What happened to Buddy? Can animals get the novel coronavirus and die? Can pets transmit it to their owners?

Families/Kids Infection and Spread

A: Sadly, Buddy, a German Shepherd from Staten Island, NY, recently died. Buddy was the first dog in the US that tested positive for SARS-CoV-2 (side note: The disease is only called COVID-19 in humans).

Technically, bloodwork confirmed that Buddy likely died from lymphoma. However, it’s hard to know the role that the novel coronavirus had in his passing (either making him more vulnerable to infection or increasing the severity of the symptoms). His last few months were hard. During Buddy’s illness, he had trouble breathing, lost his appetite, and eventually struggled to walk. Other symptoms in mammalian animals with the infection are described by the CDC in the first link below; the symptoms are strikingly similar to those in humans (e.g., fever, cough, difficulty breathing).

According to this National Geographic article, there are fewer than 25 U.S. pets known to have contracted SARS-CoV-2. (Of course, we don’t know about the pets we didn’t test.) Fortunately, most other animals that have tested positive have recovered, and the ones that have died had underlying health issues. There’s a feel-good story about Papille the Parisian cat who got sick. And then, curiously, amid the “Tiger King” craze in April, eight big cats at the Bronx Zoo contracted the virus. All these animals are now symptom free.

The general message is that, as far as we know, prevalence in animals is low, symptoms are mild, and recovery rates are high.
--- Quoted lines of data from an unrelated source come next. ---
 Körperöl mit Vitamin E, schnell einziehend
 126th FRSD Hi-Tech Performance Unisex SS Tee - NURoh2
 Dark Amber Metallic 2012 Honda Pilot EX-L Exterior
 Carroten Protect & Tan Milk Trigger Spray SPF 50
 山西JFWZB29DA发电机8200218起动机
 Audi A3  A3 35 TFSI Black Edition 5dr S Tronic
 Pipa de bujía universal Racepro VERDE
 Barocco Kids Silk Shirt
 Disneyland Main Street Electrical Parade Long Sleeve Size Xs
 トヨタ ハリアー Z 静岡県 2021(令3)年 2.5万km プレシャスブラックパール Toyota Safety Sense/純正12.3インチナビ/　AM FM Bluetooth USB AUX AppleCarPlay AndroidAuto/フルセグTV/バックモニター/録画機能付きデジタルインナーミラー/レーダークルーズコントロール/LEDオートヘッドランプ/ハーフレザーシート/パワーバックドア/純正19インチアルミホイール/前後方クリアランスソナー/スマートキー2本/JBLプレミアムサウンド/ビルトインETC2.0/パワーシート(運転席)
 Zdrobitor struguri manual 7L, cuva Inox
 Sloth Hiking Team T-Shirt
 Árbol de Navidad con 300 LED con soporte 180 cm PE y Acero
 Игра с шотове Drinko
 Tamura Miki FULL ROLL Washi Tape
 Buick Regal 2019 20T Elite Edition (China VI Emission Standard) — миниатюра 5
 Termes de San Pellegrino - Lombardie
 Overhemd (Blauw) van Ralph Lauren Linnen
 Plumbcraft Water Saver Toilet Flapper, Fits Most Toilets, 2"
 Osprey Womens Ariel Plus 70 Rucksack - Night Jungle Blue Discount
While we certainly aren’t testing many animals, there’s not even anecdotal evidence of a lot of pets contracting SARS-CoV-2. Further, thankfully, animals don’t seem to play a role in the transmission of the disease to humans.

There’s still a lot we don’t know about the role of the novel coronavirus in animals. The science is continuously developing, and the Dear Pandemic team will stay on the lookout for any important messages about keeping your furry (or feathery or scaly) friends safe and healthy. For now, the safest things you can do for your pets are the same things you can do to protect yourself:

Social distance,

Encourage fresh air flow,

Wear your mask (no mask for the pets), and

Wash your hands!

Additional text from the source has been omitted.